HUBBUB Interview: Bobby and Peter Farrelly

By Jason Schwartz | Boston Magazine |

This movie, essentially, is about two married men getting to do whatever they want. Where’d the idea come from?
Peter Farrelly: It was originally written by a guy named Pete Jones. We laughed out loud at his script, but there were issues. So we basically rewrote the entire thing with him. The concept is that a couple of guys get a week off from marriage, so you can’t pull up short — someone’s gotta get laid. The question is, How do you get someone laid and still have an ending people can live with?

Any chance this was all born from Pete’s experience?
PF: No, no. He’s a writer.
Bobby Farrelly: He’s a daydreamer. The man can dream!

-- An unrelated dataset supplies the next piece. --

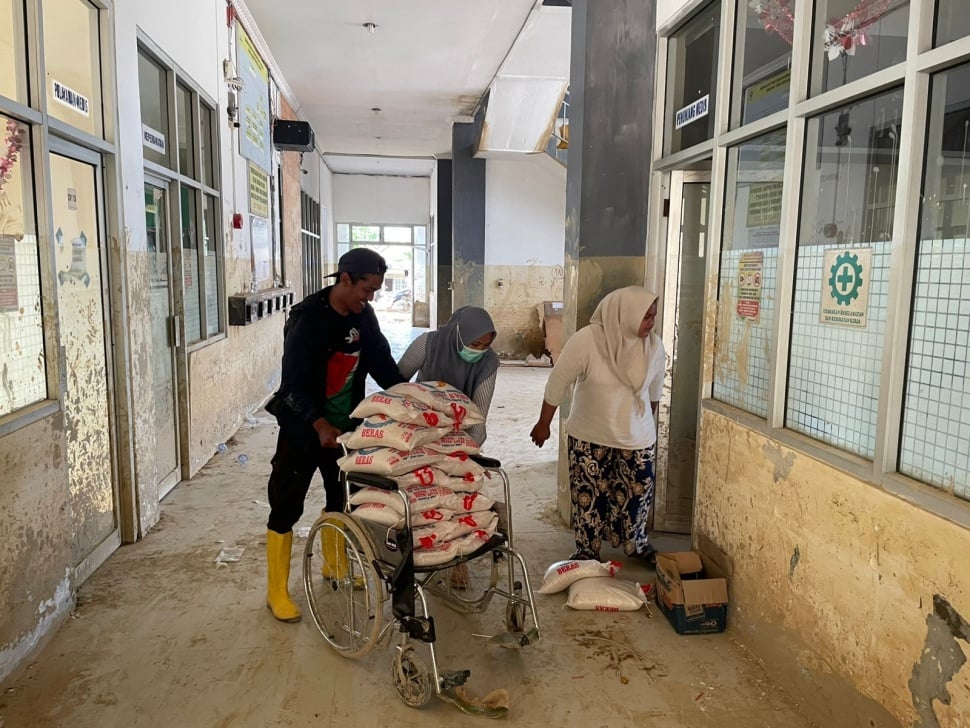 Belasan perempuan mendedikasikan diri bekerja di dapur umum darurat di Rumah Sakit Umum Daerah (RSUD) Muda Sedia, Aceh Tamiang untuk korban berncana dan relawan. [Suara.com/Iskandar]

Do you guys ever have any brotherly acrimony when you work together? I once tried to do homework with my sister, and she ended up throwing a dictionary at my head.
BF: We’re not saying we could work with our sisters. Like any brothers, sometimes we rub each other the wrong way. But we feel like we’re worth more together than we are individually.

Taking a step back, I’ve always wondered how you guys convinced Cam Neely to play Sea Bass in Dumb and Dumber.
BF: When we were writing the character, we kept saying, “Well, he’s kind of a Cam Neely type.” We said that over and over and then we thought, Maybe we should see if Cam wants to do it. So we reached out to him through people we knew.

So was he enthusiastic and onboard and actually a good actor?
BF: He is a good actor, but it took him a while to find it. He kept thinking, Oh God, what are the guys in the NHL gonna think about this? But he got through that and said, “All right, I’m gonna look more stupid if I don’t commit to it.” And he ended up doing a great job. To this day, people call him Sea Bass.

You guys work a lot of Boston sports cameos into your movies.
PF: We’re borderline sports groupies. We also had Roger Clemens in Kingpin. For Something About Mary, our original choice was Drew Bledsoe, but he’d just had the mosh-pit incident and couldn’t do it. So we went with Brett Favre.

If you did Fever Pitch again, would you still have Jimmy Fallon and Drew Barrymore run onto the field right after the World Series?
PF: Absolutely. It was our cameras on the field filming them for the movie’s ending. We didn’t tell the Fox cameras upstairs to grab them. I don’t know why they did that. I think it confused the moment for a lot of people, and made ’em like, “What the hell?” The whole time we were making this movie, we were extremely sensitive about the drive to the World Series. We never intended to thrust ourselves into the middle of it.